Task prompt: Quote these lines exactly: the one that holds "Next, I'm going" and every line after it to the end of the material below. Skip pictures.

[[ Data provided, beginning ]]

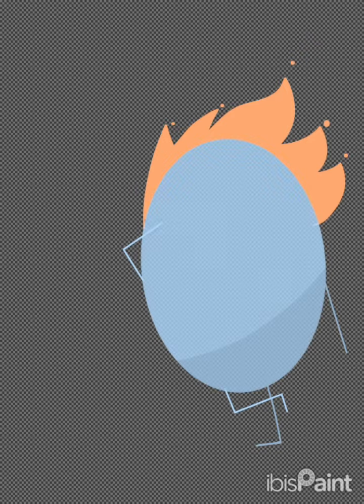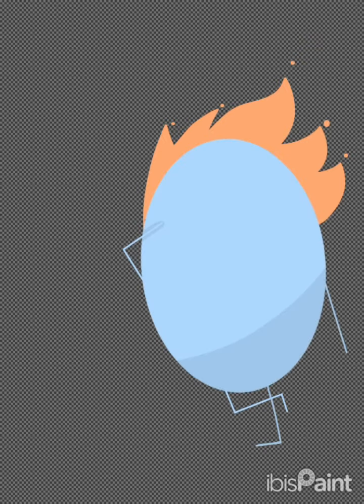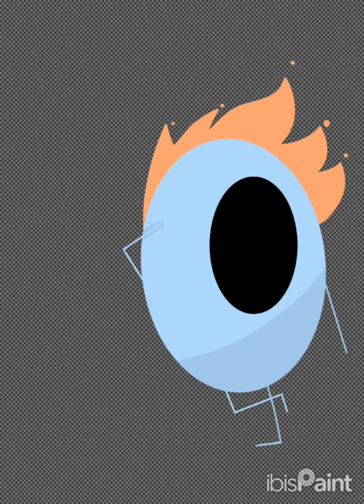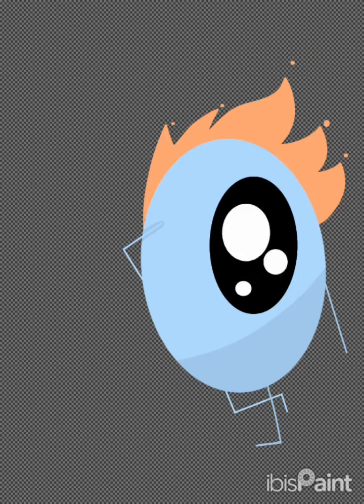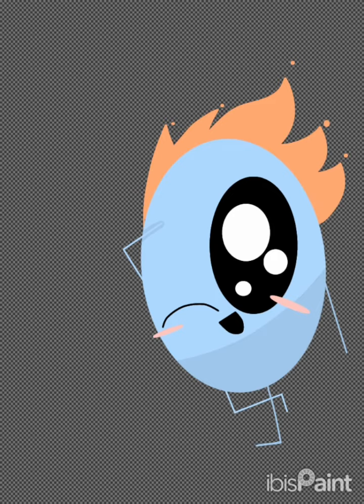die, so many dumb ways to die. Invite a psycho killer inside, scratch a drug dealer's brand new ride, take your helmet off in outer space, use a clothes dryer as a hiding place. Dumb ways to die,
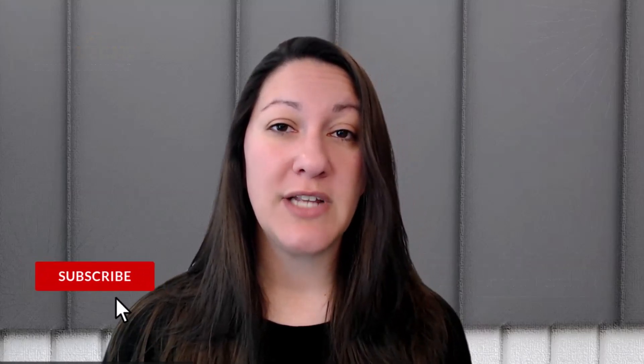Thank you so much for joining us on our YouTube channel today. Don't forget to like and subscribe for more videos. Now let's dive in.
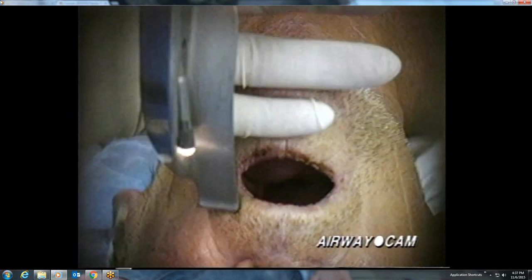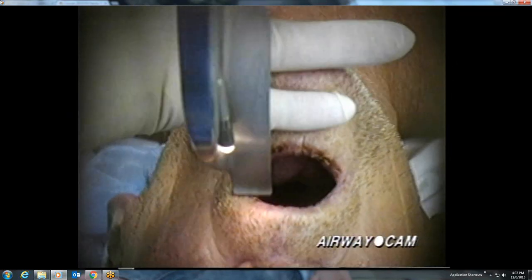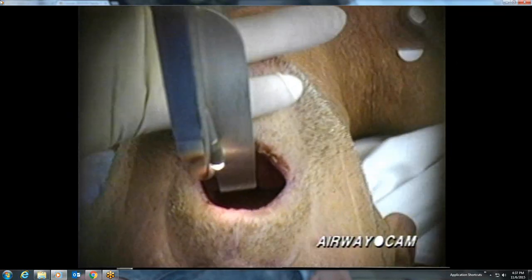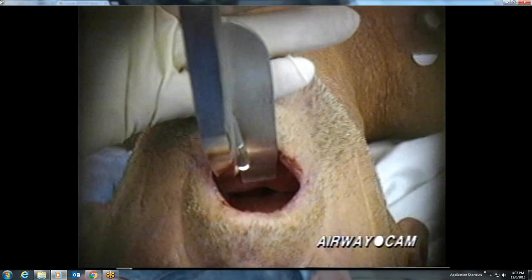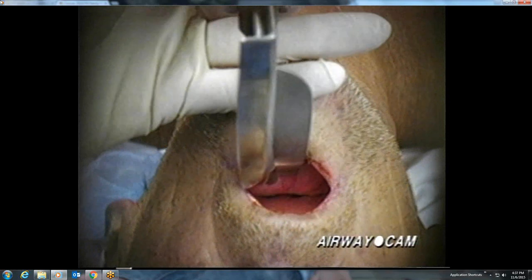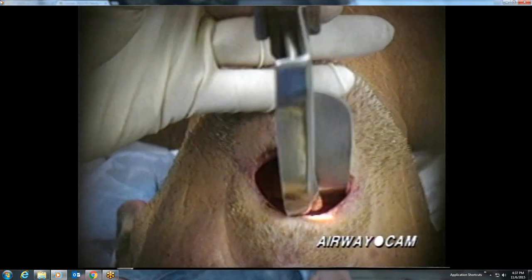Alternatively, the fourth and fifth fingers of the left hand can push open the chin while holding and inserting the laryngoscope.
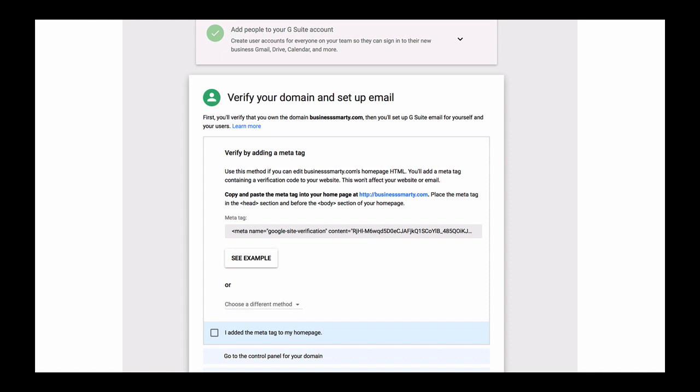Now that we have completed adding people to our account, it's time to verify our domain name with G Suite. We have told G Suite that we own this domain name, but how does G Suite know that it really belongs to us?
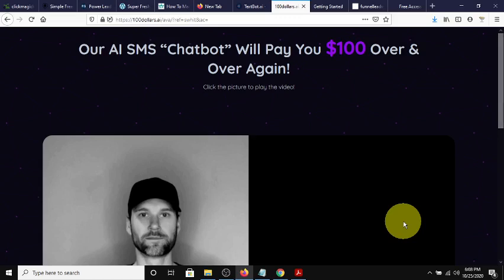Hey guys, Steve here. Today I wanted to make a video and show you guys how to build a list for this particular system.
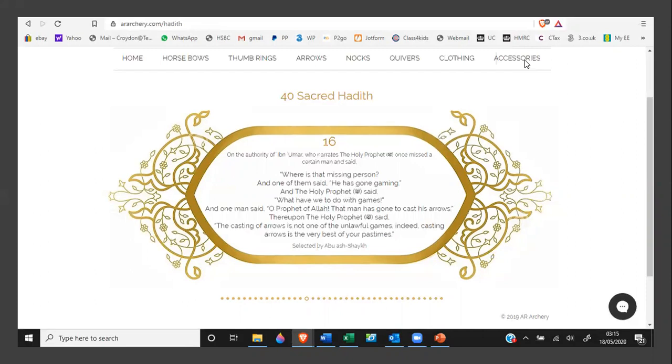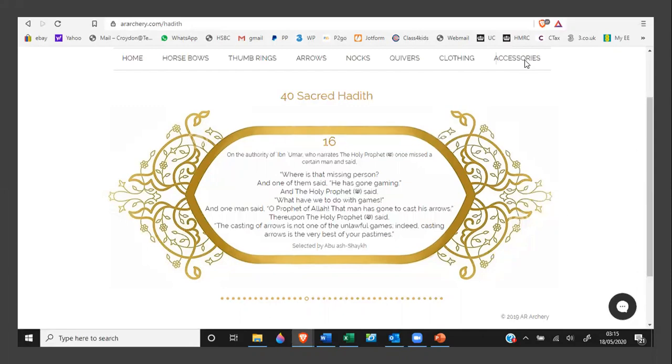Thereupon, the Holy Prophet, peace and blessings be upon him, said, 'The casting of arrows is not one of the unlawful games. Indeed, casting arrows is the very best of your pastimes.' And the Holy Messenger has spoken truly.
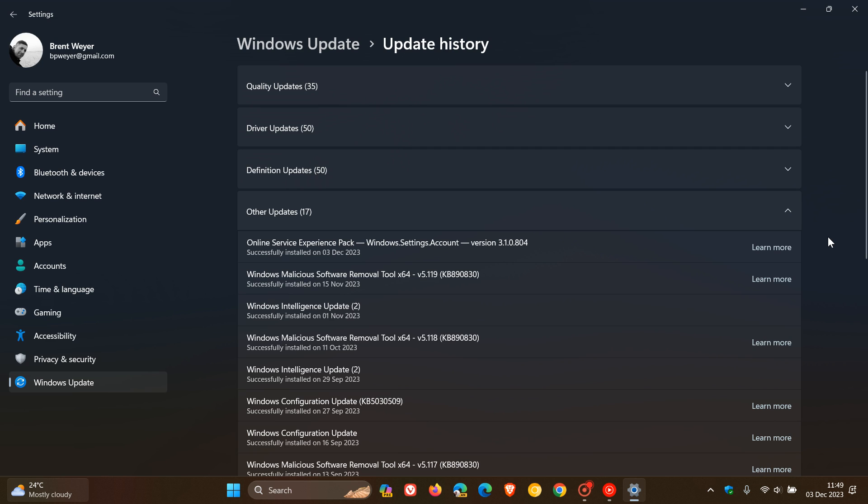But they say that in future, more areas will be updated through Online Service Experience Packs. These additional areas will also appear under Windows Update as Online Service Experience Pack with their own area name and version information.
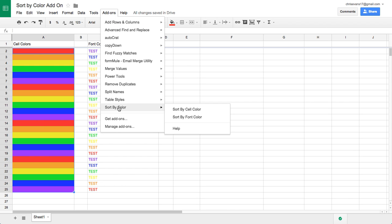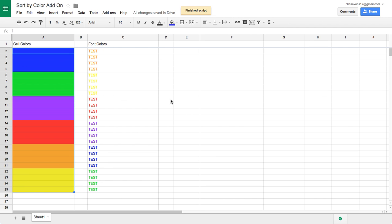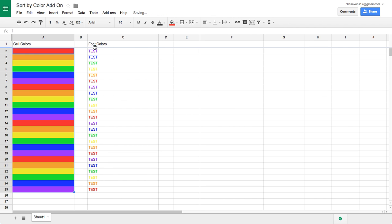So just select the range that you want to sort, add-ons, sort by color, sort by cell color. Easy as that.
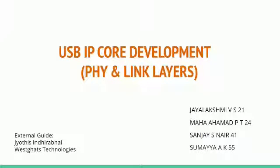Hello everyone, this is a brief overview of our final year project. The topic of our project is USB IP core development, specifically the link layer and physical layer.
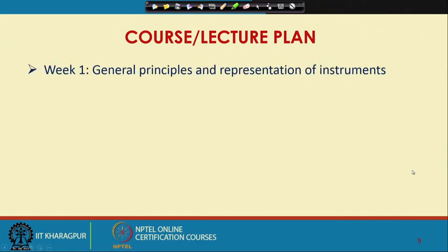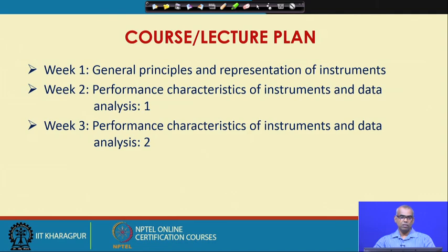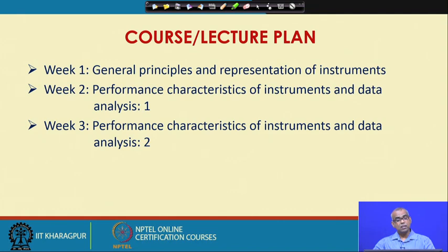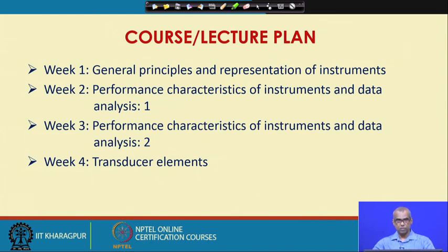Let us now talk about the course and lecture plan. In week 1, we will talk about general principles and representation of instruments. In weeks 2 and 3, we will cover performance characteristics of instruments and data analysis. In week 4, we will talk about transducer elements — those elements which receive a signal in one physical form and send an output in another physical form.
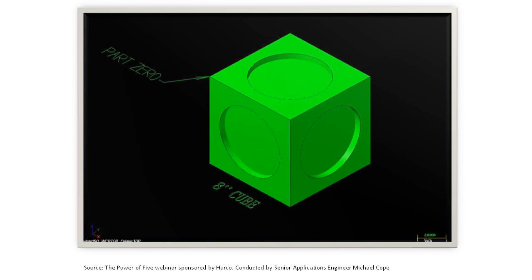Now, conversational programming. I want to go through a very simple example here. If you think about an 8-inch by 8-inch by 8-inch cubed part, we're going to put a 6-inch diameter, half-inch deep circle on all three of the sides of this part.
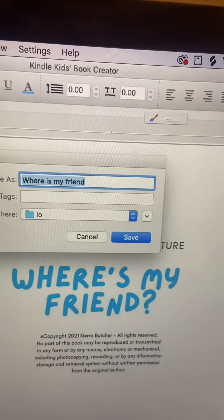Next, I'm going to be showing you how to actually import this into Amazon KDP. So like and follow for more.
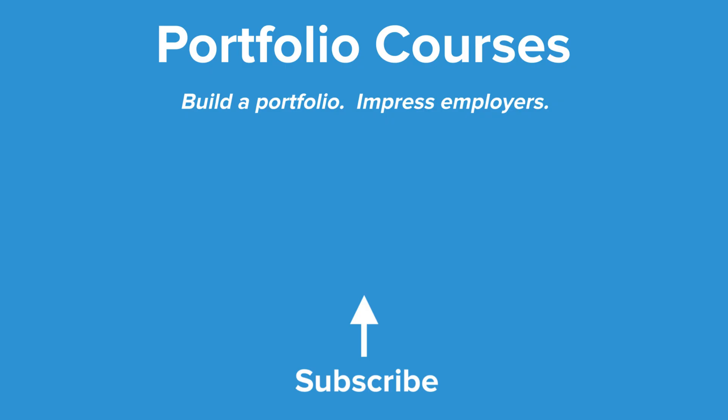Check out PortfolioCourses.com where we'll help you build a portfolio that will impress employers, including courses to help you develop C programming projects.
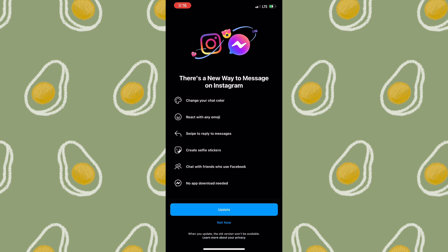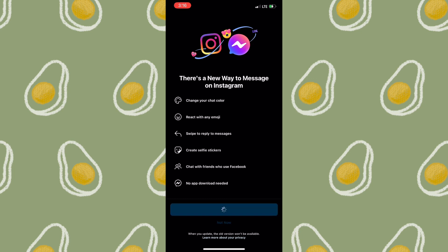If you don't want to update to the new feature — because you won't be able to go back — you simply need to tap "Not Now." But if you want to update, you simply need to tap "Update." Since you want to fix the Instagram Messenger update, you'd simply need to tap on Update.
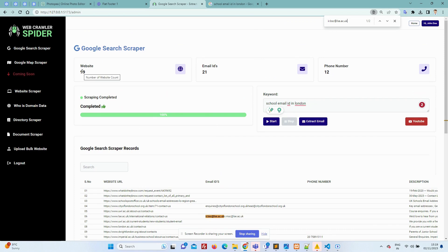Also, we can see the total website, email IDs, phone number.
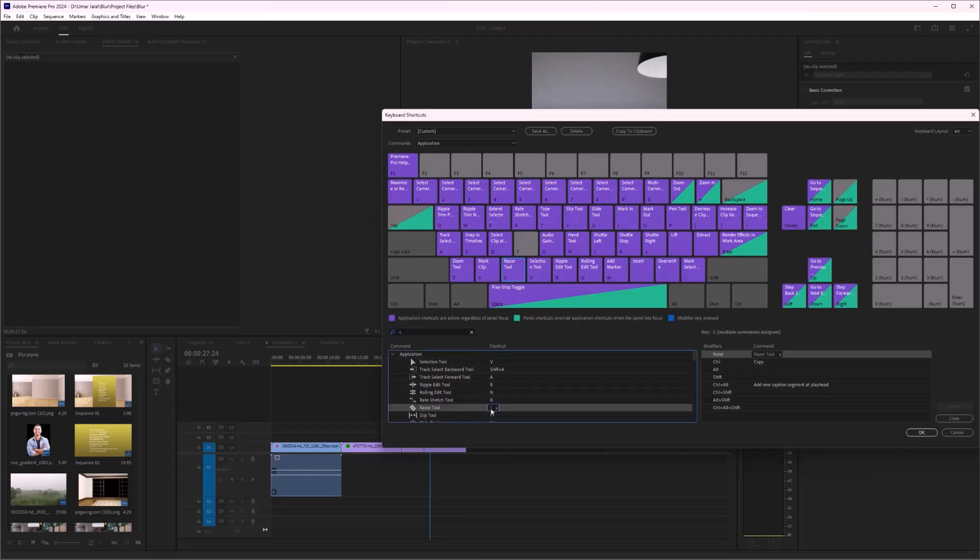When you click here on the C, you press the key you want to be added. In my case, I'm going to press 6, and I will make sure that the key which you have selected now is not already used before in this application.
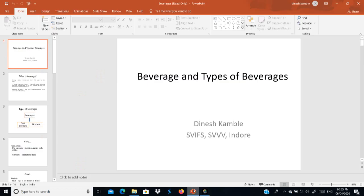Good evening. We are starting the topic on beverages and types of beverages. A beverage is any liquid material which is used for consumption purposes.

[[ Data provided, end ]]

Your solution:
Next, I'm going to be showing you how to actually import this into Amazon KDP. So like and follow for more.
Check out PortfolioCourses.com where we'll help you build a portfolio that will impress employers, including courses to help you develop C programming projects.
If you don't want to update to the new feature — because you won't be able to go back — you simply need to tap "Not Now." But if you want to update, you simply need to tap "Update." Since you want to fix the Instagram Messenger update, you'd simply need to tap on Update.
Also, we can see the total website, email IDs, phone number.
When you click here on the C, you press the key you want to be added. In my case, I'm going to press 6, and I will make sure that the key which you have selected now is not already used before in this application.
Good evening. We are starting the topic on beverages and types of beverages. A beverage is any liquid material which is used for consumption purposes.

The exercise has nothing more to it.